### WORK ITEM
Reproduce the data exactly.

### PROVIDED ENTRIES
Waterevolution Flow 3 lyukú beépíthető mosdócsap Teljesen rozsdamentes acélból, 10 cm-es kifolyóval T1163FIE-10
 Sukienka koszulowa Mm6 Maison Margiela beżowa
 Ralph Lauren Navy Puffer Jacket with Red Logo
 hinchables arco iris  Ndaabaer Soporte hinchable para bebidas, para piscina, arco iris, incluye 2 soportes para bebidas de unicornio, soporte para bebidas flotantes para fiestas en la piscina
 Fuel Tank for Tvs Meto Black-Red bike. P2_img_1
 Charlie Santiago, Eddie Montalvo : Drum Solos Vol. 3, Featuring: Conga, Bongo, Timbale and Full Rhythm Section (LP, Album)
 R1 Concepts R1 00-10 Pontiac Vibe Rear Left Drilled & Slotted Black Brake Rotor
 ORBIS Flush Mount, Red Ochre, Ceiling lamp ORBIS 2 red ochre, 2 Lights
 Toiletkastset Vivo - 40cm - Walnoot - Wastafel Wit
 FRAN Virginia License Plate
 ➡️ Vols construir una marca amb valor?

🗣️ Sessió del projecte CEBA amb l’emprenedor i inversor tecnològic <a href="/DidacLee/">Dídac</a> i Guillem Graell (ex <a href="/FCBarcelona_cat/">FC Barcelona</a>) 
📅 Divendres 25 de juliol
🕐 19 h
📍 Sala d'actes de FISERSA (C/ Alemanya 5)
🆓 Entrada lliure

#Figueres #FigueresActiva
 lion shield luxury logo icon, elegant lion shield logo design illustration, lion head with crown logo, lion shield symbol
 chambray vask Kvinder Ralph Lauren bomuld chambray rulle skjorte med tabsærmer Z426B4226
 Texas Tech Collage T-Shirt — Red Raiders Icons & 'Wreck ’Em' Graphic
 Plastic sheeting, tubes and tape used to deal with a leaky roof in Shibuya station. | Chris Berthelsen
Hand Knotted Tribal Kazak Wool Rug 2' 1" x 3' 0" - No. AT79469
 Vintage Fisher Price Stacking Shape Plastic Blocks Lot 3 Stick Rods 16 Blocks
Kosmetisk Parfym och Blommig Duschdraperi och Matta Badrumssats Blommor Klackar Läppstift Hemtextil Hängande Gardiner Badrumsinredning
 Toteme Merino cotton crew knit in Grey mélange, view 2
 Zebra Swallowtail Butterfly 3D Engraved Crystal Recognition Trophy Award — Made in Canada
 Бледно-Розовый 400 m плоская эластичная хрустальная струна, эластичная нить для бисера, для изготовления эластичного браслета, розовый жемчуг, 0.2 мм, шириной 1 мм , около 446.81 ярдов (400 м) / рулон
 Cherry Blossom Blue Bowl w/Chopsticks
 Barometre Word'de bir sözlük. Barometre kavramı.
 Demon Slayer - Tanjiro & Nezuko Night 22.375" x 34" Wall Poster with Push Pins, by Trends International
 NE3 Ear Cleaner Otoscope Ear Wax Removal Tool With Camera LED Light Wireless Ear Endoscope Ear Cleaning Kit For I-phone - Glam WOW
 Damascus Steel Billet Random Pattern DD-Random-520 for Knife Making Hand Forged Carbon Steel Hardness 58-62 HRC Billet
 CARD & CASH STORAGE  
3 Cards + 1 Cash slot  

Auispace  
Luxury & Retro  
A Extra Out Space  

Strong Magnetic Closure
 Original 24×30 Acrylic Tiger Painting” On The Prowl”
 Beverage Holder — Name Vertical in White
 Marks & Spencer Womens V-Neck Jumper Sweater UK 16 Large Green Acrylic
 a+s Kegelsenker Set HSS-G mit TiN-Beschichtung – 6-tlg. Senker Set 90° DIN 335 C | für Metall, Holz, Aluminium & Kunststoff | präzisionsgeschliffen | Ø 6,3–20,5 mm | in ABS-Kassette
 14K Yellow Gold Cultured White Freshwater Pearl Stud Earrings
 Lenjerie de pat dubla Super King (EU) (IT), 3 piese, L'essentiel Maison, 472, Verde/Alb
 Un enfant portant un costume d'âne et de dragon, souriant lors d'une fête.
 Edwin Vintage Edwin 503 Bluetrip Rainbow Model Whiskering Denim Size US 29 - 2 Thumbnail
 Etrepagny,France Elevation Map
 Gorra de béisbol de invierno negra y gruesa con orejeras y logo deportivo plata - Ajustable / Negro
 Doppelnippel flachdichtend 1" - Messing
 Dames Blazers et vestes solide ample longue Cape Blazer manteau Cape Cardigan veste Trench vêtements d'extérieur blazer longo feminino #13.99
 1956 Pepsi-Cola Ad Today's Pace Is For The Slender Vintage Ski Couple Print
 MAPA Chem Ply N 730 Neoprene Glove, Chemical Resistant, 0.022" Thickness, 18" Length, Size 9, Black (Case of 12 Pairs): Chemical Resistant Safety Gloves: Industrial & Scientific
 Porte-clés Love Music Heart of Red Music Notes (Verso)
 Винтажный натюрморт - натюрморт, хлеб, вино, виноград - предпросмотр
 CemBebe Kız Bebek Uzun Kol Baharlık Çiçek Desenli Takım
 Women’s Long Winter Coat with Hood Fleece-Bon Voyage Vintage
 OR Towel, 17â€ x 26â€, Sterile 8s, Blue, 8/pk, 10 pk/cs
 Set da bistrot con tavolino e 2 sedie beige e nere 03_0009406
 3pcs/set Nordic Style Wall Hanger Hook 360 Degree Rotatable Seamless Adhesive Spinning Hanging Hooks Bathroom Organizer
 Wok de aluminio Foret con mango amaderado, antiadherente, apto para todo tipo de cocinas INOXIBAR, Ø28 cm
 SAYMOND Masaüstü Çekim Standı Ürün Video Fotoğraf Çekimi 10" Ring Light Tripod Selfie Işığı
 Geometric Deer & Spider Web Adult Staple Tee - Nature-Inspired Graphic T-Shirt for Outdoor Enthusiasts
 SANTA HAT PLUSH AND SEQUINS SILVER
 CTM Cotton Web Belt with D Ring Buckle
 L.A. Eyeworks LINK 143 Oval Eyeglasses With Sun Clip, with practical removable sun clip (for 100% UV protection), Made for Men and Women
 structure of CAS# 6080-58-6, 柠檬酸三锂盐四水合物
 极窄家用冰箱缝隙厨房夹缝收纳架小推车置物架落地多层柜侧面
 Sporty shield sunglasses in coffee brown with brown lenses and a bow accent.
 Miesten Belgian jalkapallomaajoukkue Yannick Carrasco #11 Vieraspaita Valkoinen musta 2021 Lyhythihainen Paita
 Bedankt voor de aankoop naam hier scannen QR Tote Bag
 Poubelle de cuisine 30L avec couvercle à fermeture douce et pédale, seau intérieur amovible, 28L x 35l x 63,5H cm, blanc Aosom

### RESPONSE TO THIS TASK
Waterevolution Flow 3 lyukú beépíthető mosdócsap Teljesen rozsdamentes acélból, 10 cm-es kifolyóval T1163FIE-10
 Sukienka koszulowa Mm6 Maison Margiela beżowa
 Ralph Lauren Navy Puffer Jacket with Red Logo
 hinchables arco iris  Ndaabaer Soporte hinchable para bebidas, para piscina, arco iris, incluye 2 soportes para bebidas de unicornio, soporte para bebidas flotantes para fiestas en la piscina
 Fuel Tank for Tvs Meto Black-Red bike. P2_img_1
 Charlie Santiago, Eddie Montalvo : Drum Solos Vol. 3, Featuring: Conga, Bongo, Timbale and Full Rhythm Section (LP, Album)
 R1 Concepts R1 00-10 Pontiac Vibe Rear Left Drilled & Slotted Black Brake Rotor
 ORBIS Flush Mount, Red Ochre, Ceiling lamp ORBIS 2 red ochre, 2 Lights
 Toiletkastset Vivo - 40cm - Walnoot - Wastafel Wit
 FRAN Virginia License Plate
 ➡️ Vols construir una marca amb valor?

🗣️ Sessió del projecte CEBA amb l’emprenedor i inversor tecnològic <a href="/DidacLee/">Dídac</a> i Guillem Graell (ex <a href="/FCBarcelona_cat/">FC Barcelona</a>) 
📅 Divendres 25 de juliol
🕐 19 h
📍 Sala d'actes de FISERSA (C/ Alemanya 5)
🆓 Entrada lliure

#Figueres #FigueresActiva
 lion shield luxury logo icon, elegant lion shield logo design illustration, lion head with crown logo, lion shield symbol
 chambray vask Kvinder Ralph Lauren bomuld chambray rulle skjorte med tabsærmer Z426B4226
 Texas Tech Collage T-Shirt — Red Raiders Icons & 'Wreck ’Em' Graphic
 Plastic sheeting, tubes and tape used to deal with a leaky roof in Shibuya station. | Chris Berthelsen
Hand Knotted Tribal Kazak Wool Rug 2' 1" x 3' 0" - No. AT79469
 Vintage Fisher Price Stacking Shape Plastic Blocks Lot 3 Stick Rods 16 Blocks
Kosmetisk Parfym och Blommig Duschdraperi och Matta Badrumssats Blommor Klackar Läppstift Hemtextil Hängande Gardiner Badrumsinredning
 Toteme Merino cotton crew knit in Grey mélange, view 2
 Zebra Swallowtail Butterfly 3D Engraved Crystal Recognition Trophy Award — Made in Canada
 Бледно-Розовый 400 m плоская эластичная хрустальная струна, эластичная нить для бисера, для изготовления эластичного браслета, розовый жемчуг, 0.2 мм, шириной 1 мм , около 446.81 ярдов (400 м) / рулон
 Cherry Blossom Blue Bowl w/Chopsticks
 Barometre Word'de bir sözlük. Barometre kavramı.
 Demon Slayer - Tanjiro & Nezuko Night 22.375" x 34" Wall Poster with Push Pins, by Trends International
 NE3 Ear Cleaner Otoscope Ear Wax Removal Tool With Camera LED Light Wireless Ear Endoscope Ear Cleaning Kit For I-phone - Glam WOW
 Damascus Steel Billet Random Pattern DD-Random-520 for Knife Making Hand Forged Carbon Steel Hardness 58-62 HRC Billet
 CARD & CASH STORAGE  
3 Cards + 1 Cash slot  

Auispace  
Luxury & Retro  
A Extra Out Space  

Strong Magnetic Closure
 Original 24×30 Acrylic Tiger Painting” On The Prowl”
 Beverage Holder — Name Vertical in White
 Marks & Spencer Womens V-Neck Jumper Sweater UK 16 Large Green Acrylic
 a+s Kegelsenker Set HSS-G mit TiN-Beschichtung – 6-tlg. Senker Set 90° DIN 335 C | für Metall, Holz, Aluminium & Kunststoff | präzisionsgeschliffen | Ø 6,3–20,5 mm | in ABS-Kassette
 14K Yellow Gold Cultured White Freshwater Pearl Stud Earrings
 Lenjerie de pat dubla Super King (EU) (IT), 3 piese, L'essentiel Maison, 472, Verde/Alb
 Un enfant portant un costume d'âne et de dragon, souriant lors d'une fête.
 Edwin Vintage Edwin 503 Bluetrip Rainbow Model Whiskering Denim Size US 29 - 2 Thumbnail
 Etrepagny,France Elevation Map
 Gorra de béisbol de invierno negra y gruesa con orejeras y logo deportivo plata - Ajustable / Negro
 Doppelnippel flachdichtend 1" - Messing
 Dames Blazers et vestes solide ample longue Cape Blazer manteau Cape Cardigan veste Trench vêtements d'extérieur blazer longo feminino #13.99
 1956 Pepsi-Cola Ad Today's Pace Is For The Slender Vintage Ski Couple Print
 MAPA Chem Ply N 730 Neoprene Glove, Chemical Resistant, 0.022" Thickness, 18" Length, Size 9, Black (Case of 12 Pairs): Chemical Resistant Safety Gloves: Industrial & Scientific
 Porte-clés Love Music Heart of Red Music Notes (Verso)
 Винтажный натюрморт - натюрморт, хлеб, вино, виноград - предпросмотр
 CemBebe Kız Bebek Uzun Kol Baharlık Çiçek Desenli Takım
 Women’s Long Winter Coat with Hood Fleece-Bon Voyage Vintage
 OR Towel, 17â€ x 26â€, Sterile 8s, Blue, 8/pk, 10 pk/cs
 Set da bistrot con tavolino e 2 sedie beige e nere 03_0009406
 3pcs/set Nordic Style Wall Hanger Hook 360 Degree Rotatable Seamless Adhesive Spinning Hanging Hooks Bathroom Organizer
 Wok de aluminio Foret con mango amaderado, antiadherente, apto para todo tipo de cocinas INOXIBAR, Ø28 cm
 SAYMOND Masaüstü Çekim Standı Ürün Video Fotoğraf Çekimi 10" Ring Light Tripod Selfie Işığı
 Geometric Deer & Spider Web Adult Staple Tee - Nature-Inspired Graphic T-Shirt for Outdoor Enthusiasts
 SANTA HAT PLUSH AND SEQUINS SILVER
 CTM Cotton Web Belt with D Ring Buckle
 L.A. Eyeworks LINK 143 Oval Eyeglasses With Sun Clip, with practical removable sun clip (for 100% UV protection), Made for Men and Women
 structure of CAS# 6080-58-6, 柠檬酸三锂盐四水合物
 极窄家用冰箱缝隙厨房夹缝收纳架小推车置物架落地多层柜侧面
 Sporty shield sunglasses in coffee brown with brown lenses and a bow accent.
 Miesten Belgian jalkapallomaajoukkue Yannick Carrasco #11 Vieraspaita Valkoinen musta 2021 Lyhythihainen Paita
 Bedankt voor de aankoop naam hier scannen QR Tote Bag
 Poubelle de cuisine 30L avec couvercle à fermeture douce et pédale, seau intérieur amovible, 28L x 35l x 63,5H cm, blanc Aosom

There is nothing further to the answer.